8.3.9 Modulator Over-Range

The ADS1282-SP modulator is inherently stable, and therefore, has predictable recovery behavior resulting from an input overdrive condition. The modulator does not exhibit self-resetting behavior, which often results in an unstable output data stream.

The ADS1282-SP modulator outputs a 1s density data stream at 90% duty cycle with the positive full-scale input signal applied (10% duty cycle with the negative full-scale signal). If the input is overdriven past 90% modulation, but less than 100% modulation (10% and 0% for negative overdrive, respectively), the modulator remains stable and continues to output the 1s density data stream. The digital filter may or may not clip the output codes to +FS or –FS, depending on the duration of the overdrive. When the input returns to the normal range from a long duration overdrive (worst case), the modulator returns immediately to the normal range, but the group delay of the digital filter delays the return of the conversion result to within the linear range (31 readings for linear phase FIR). 31 additional readings (62 total) are required for completely settled data.

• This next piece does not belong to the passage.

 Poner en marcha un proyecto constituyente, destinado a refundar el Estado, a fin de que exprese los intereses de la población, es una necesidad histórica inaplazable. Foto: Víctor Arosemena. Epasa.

If the inputs are sufficiently overdriven to drive the modulator to full duty cycle, all 1s or all 0s, the modulator enters a stable saturated state. The digital output code may clip to +FS or –FS, again depending on the duration. A small duration overdrive may not always clip the output code. When the input returns to the normal range, the modulator requires up to 12 modulator clock cycles (ƒMOD) to exit saturation and return to the linear region. The digital filter requires an additional 62 conversions for fully settled data (linear phase FIR).

In the extreme case of over-range, either input is overdriven, exceeding the voltage of either analog supply voltage plus an internal ESD diode drop. The internal diodes begin to conduct and the signal on the input is clipped. When the input overdrive is removed, the diodes recover quickly. Keep in mind that the input current must be limited to 100-mA peak or 10-mA continuous if an overvoltage condition is possible.